The collapse of the ruble is causing price inflation throughout Russia. Inflation is running at 10%, according to the New York Times. Russian shopkeepers can’t update their price lists fast enough and are telling shoppers to come back later when they have put up new, more expensive price tags on staple goods. The most extreme example? It’s leading to a cheese shortage, the Times says:
A variety of goods — from basmati rice to imported hard cheeses — have simply vanished, leaving consumers with fewer and less desirable choices.
Sausages are in short supply, too, the BBC says:
It’s not just inflation that is influencing the festive shop in Russia. So are the “anti-sanctions” Moscow imposed on the West earlier this year.

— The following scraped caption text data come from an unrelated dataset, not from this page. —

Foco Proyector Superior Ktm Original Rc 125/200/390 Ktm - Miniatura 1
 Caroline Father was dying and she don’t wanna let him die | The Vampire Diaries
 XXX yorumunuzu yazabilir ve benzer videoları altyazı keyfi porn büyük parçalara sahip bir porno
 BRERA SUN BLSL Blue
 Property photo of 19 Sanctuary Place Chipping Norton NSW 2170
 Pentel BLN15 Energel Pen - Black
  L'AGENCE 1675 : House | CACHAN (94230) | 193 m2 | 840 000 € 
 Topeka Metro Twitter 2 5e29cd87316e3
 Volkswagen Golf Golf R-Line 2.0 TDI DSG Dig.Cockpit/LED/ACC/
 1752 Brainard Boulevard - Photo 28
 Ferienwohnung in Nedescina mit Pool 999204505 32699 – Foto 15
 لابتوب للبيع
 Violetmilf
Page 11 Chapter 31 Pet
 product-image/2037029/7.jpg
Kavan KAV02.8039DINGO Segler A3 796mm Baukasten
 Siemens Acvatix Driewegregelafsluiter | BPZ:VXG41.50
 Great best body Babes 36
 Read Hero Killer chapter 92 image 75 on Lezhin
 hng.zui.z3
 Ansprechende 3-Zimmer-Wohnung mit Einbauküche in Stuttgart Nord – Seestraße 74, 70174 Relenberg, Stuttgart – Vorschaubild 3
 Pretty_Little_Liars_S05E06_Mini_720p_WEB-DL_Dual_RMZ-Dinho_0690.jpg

As a result, certain imported products which may have graced some new year tables here in the past are no longer available: like French cheese, Norwegian salmon, German sausage.
After halting the rout last month that saw the ruble briefly touch 80 rubles to the dollar and 100 rubles to the euro through massive currency interventions in December, the authorities have proven unable to unwilling to prevent further slides at the start of the new year.
The recent falls have been predominantly driven by the continued falls in the oil price, which hit a new five year low on Tuesday.
Allowing the ruble to fall against other major currencies should soften the blow of falling oil prices on government revenues (if the ruble tracks falls in oil prices it means that although each barrel of oil is worth less in dollar terms, it retains its value in ruble terms). However, for Russian companies with large foreign-currency denominated debts and limited foreign revenue sources — such as a number of Russian banks — a weaker ruble also makes it much more expensive to fund repayments.
This helps explain why the government was forced to bail out one of the country’s largest lenders, Gazprombank, buying up
39.95 billion rubles ($US708 million) of preferred stock at the end of last month using money from the National Welfare Fund. State-run VTB Bank and National Bank Trust have also been beneficiaries of government bailouts over recent weeks.
Russian credit default swaps, which provide insurance against default by Russian borrowers and therefore are a good indication of market sentiment, climbed 52 basis points to 609 basis points as concerns over the country deepen.